Stateful stream processing is a complicated topic. Windowing. Streaming joins. Late-arriving data and watermarks. Sessionization. Streaming analytics… It’s hard to say where to start.
But a few years ago, I started mentoring an engineer. They had foundational knowledge about stream processing, knew a lot about Kafka, and used Kafka Streams. But they wanted to understand better what’s possible to achieve with stateful stream processing and how exactly it works.
I started planning our sessions… And I realized that you really need to understand only two basic building blocks: state and timers.
State
Your business logic needs to have access to some kind of state.

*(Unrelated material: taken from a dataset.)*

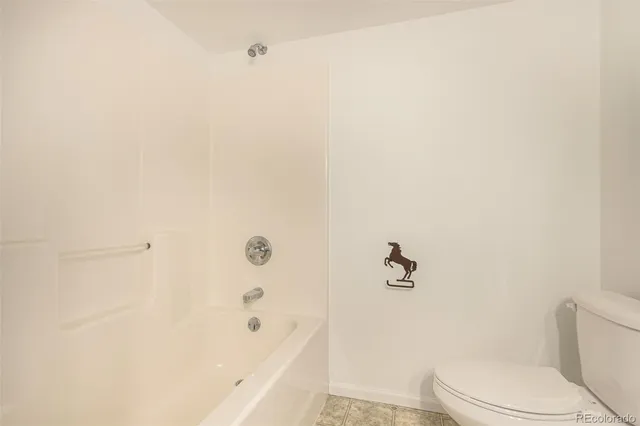 a bathroom with a bathtub and toilet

You can think about it as an in-memory variable available to you (the APIs make it this easy), but internally, it’s backed by resilient, scalable, distributed storage. Modern stream-processing systems typically use RocksDB as a state backend.
There are different types of state:
Keyed vs “global”. Typically, you access the state in the context of a certain key, e.g. a user id, a product id, a wallet, etc. This requires performing a shuffle in order to route all records with the same key to the same “worker”. “Global” state is not frequently used, but you should still consider using it in some rare use cases, I wrote about it here.
Key-value, List, Map, even versioned/timestamped - there are different flavours of state APIs that optimize for different access patterns.
Timers
Timers are as important as state. Because streaming systems work with unbounded datasets, a concept of windowing is used to control the state size.
I do firmly believe that there is a place for windowless stateful stream processing, especially in the context of streaming joins. I covered more in the blog post I already mentioned.
Defining windows is the primary application of timers (more on this below). However, when using stream processing engines to build applications (or “microservices”), timers can also be used as a helpful mechanism to perform an action later (sort of a scheduled callback).
Timers heavily depend, well, on time 🙂. There are different notions of time we need to account for: event time, ingestion time, and processing time. Event time is the most useful one, but it also requires the use of mechanisms to handle data that’s out of order, arrived late, etc. This can get very complicated very quickly.
Putting It Together
Let’s implement a very basic, naive tumbling window that we’ll use to aggregate values.
Imagine we’re building a Top 10 sold products dashboard for an e-commerce website. We’ll use a tumbling window of an hour. Assuming we have a simple key-value state and a timer as building blocks, the whole algorithm looks like this:
Key all input records (“product sold” events) using the product id.
Implement a keyed processing function (executing in the context of a single key):
Start a timer for the end of the hour (we’re using processing time, which doesn’t account for a lot of edge cases, but it’s good enough for this example).
Keep incrementing the value of the state variable for each product record processed.
When the timer fires at the end of the hour:
Emit the accumulated result from the state.
Reset state value to 0.
Start another timer for the next hour!
Of course, the real tumbling window implementation is more complicated than this, but it’s pretty close conceptually.
I hope this was enough to understand these basic, but foundational building blocks. If you want to learn more, I recommend reading:
Streaming 101 and Streaming 102 by Tyler Akidau.
Timely (and Stateful) Processing with Apache Beam by Kenneth Knowles.
Stateful Stream Processing and Timely Stream Processing from Apache Flink docs.